Masterclass with Jed Mercurio (or not?)

I’m about to confess something: I live in Edinburgh and this year, I put my head down the whole time the Festivals were on and pretended they weren’t happening. I was in the Outer Hebrides for half the time, and when my husband headed off to France for ten days, I decided that the opportunity to get my head down and write was too good to miss.

Of course, it didn’t work like that. I cleared the box room and sorted everything in it; ditto the cupboard under the stairs; and once more the utility room. It all felt good, and the house definitely looked more organised … but work? What’s that?

lod boxI was about to settle down with the wip (honest!), when I decided I’d read the Sunday papers first – and there, impossible to ignore, was a full page article about Jed Mercurio, scriptwriter for the gripping TV drama, Line of Duty. He was in Edinburgh … and he was giving a Masterclass at the Television Festival (which runs concurrently with the International Festival, Fringe Festival, Comedy Festival and Book Festival, as if we didn’t have enough festivals in the city already). It would be sold out, surely? I checked: it wasn’t. I booked two tickets, one for myself and one for a friend who writes thrillers. We’d both benefit from this!

The first thing to say is that the Television Festival feels very different from any of the others. It’s primarily for delegates, though a few sessions (such as this one) are open to the paying public. It’s in the Edinburgh International Conference Centre, which is a large, specially built facility  – and telly people are clearly used to a better lifestyle than writers, because compared with any writers’ conferences I’ve been to (quite a few), this was luxury itself. There was a champagne bar, for starters, plus cool spaces for downing smoothies or moccachinos, and huge TV screens everywhere. Sky Arts had a dedicated area where a harpist was plucking away, and where you could play with virtual reality headsets (I did), or have a go at drawing Rory Bremner from a large image. This was a promotion for the excellent Sky Arts Portrait Artist of the Year competition (I didn’t stop to try this – there are limits).
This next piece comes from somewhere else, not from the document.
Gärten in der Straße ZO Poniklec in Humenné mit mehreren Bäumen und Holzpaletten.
There were trendy people everywhere – young guys with Gareth Bale ponytails atop their heads, women with killer heels and … drum roll … I even bumped into Russell Brand on the stairs. Literally. (Sorry Russell).
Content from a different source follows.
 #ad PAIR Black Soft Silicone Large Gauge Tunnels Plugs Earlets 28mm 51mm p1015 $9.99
Jed and VickyThis was going to be good. The seats in the auditorium were so comfortable I could have fallen asleep – and to be honest, I might have done, for this was certainly not a Masterclass in any sense I had imagined. I suppose I was fooled into thinking I’d learn something about writing because the session was being delivered by a scriptwriter, but perhaps the words Television Festival should have sounded a warning, and also the fact that he was to be chummed by actress Vicky McClure (who plays Fleming). Lots of the audience questions were about where the money comes from and how to pitch to access funding, what’s it like doing 30-page interrogation sessions in a single take, and do the women in the cast get equal pay with the men. Obviously I would have liked something much more practical (mastering timing, the reveal, the twist, characterisation, maintaining a meta narrative etc etc), but that’s not to say I didn’t glean some gems. Here are a few:

  • There are some basics – the police officer under investigation has to be introduced, the characters in AC12 have to be re-established and (I loved this), Jed has to work out the elements of their stories at the time the series starts and what elements of these we can collide with
  • Jed likes to keep the construction as organic as possible. The twists and turns occur as he writes, and can sometimes change as the episode is being shot – for example, if he feels a scene can be made more dramatic
  • No character is safe [shivers]
  • The characters are multi-layered
  • There are narrow margins between success and failure. Jed tells us he’s always surprised when something works, but then, you should always find failure surprising too.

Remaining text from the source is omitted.